Cuando
le pregunté a una adolescente qué es lo que más le ayudaba en sus
momentos de dificultad, fuese en el trato con sus amigos o en las
exigencias de la escuela, me respondió lacónicamente: "Las
conversaciones con mi mamá". Me interesó mucho la respuesta de la joven
y me puse en comunicación con la mamá. Le comenté lo que me había dicho
su hija y me contó una pequeña pero reveladora historia.

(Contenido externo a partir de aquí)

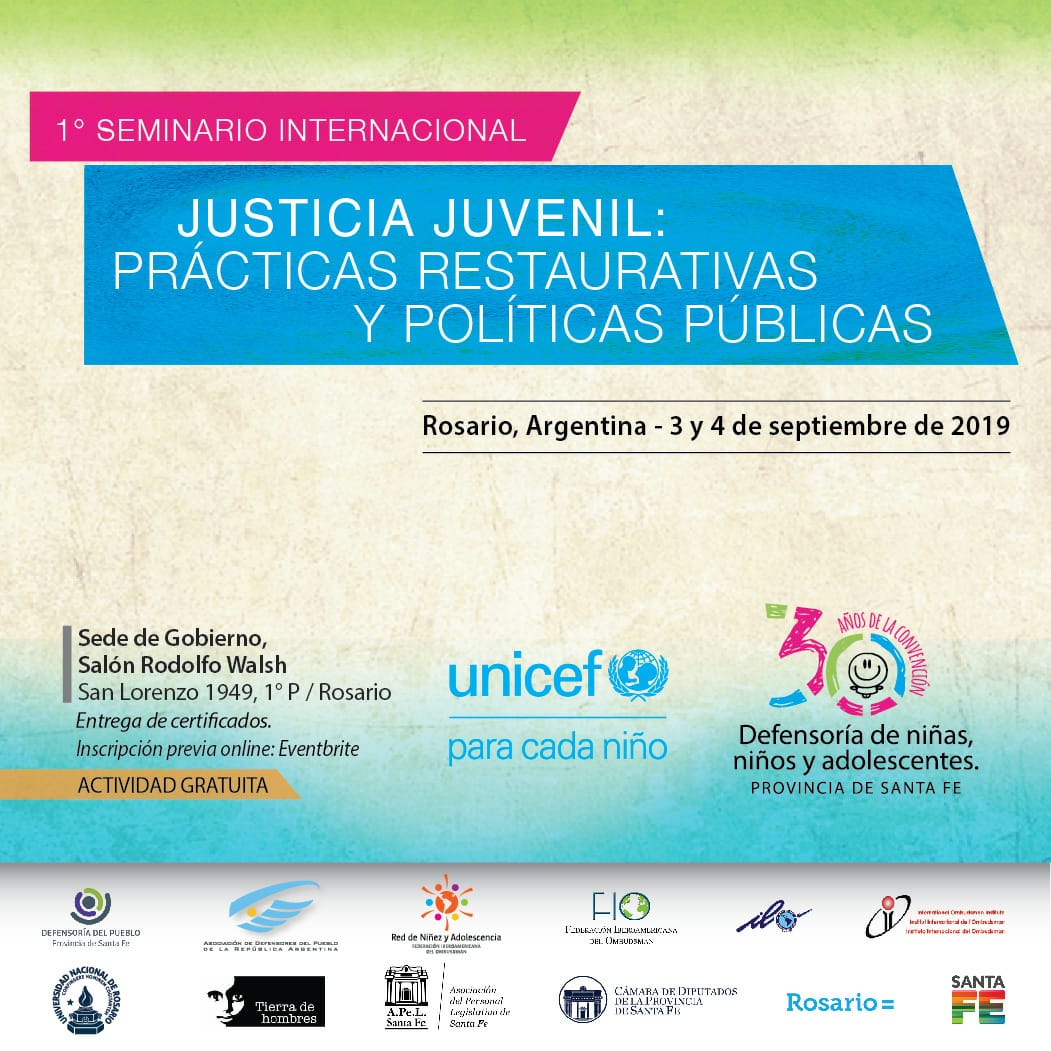 Justicia Restaurativa.jpg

La niña, a los once años, había tenido un grave problema en la
escuela. Tenía unos lentes muy gruesos. Y toda sus compañeras le
tomaban el pelo. Pero no sólo eran palabras. De hecho, la niña casi no
tenía amistades en el salón. Desde hacía años se había ido quedando
aislada en sus relaciones humanas. La solución no se reducía a
comprarle unos lentes de contacto. Había que tejer, desde abajo, esa
dimensión de la vida tan importante como son las relaciones de amistad.
La mamá concluyó con lo que había sido la clave de la solución: "Me
he convertido, dijo, en la mejor amiga de mi hija". Me hizo recordar
entonces, las reglas fundamentales que no pueden faltar en la educación
de todo ser humano: disciplina, amor y comunicación. Pero, como
normalmente amamos a los hijos y la vida suele exigirles algo de
disciplina, el problema principal a atacar es el desarrollo del diálogo
con los hijos: si hay buen canal de comunicación, sabremos lo que les
pasa, qué es lo que necesitan, y, sobre todo, tendremos un conducto
para enriquecerlos con lo bueno que ofrecerles.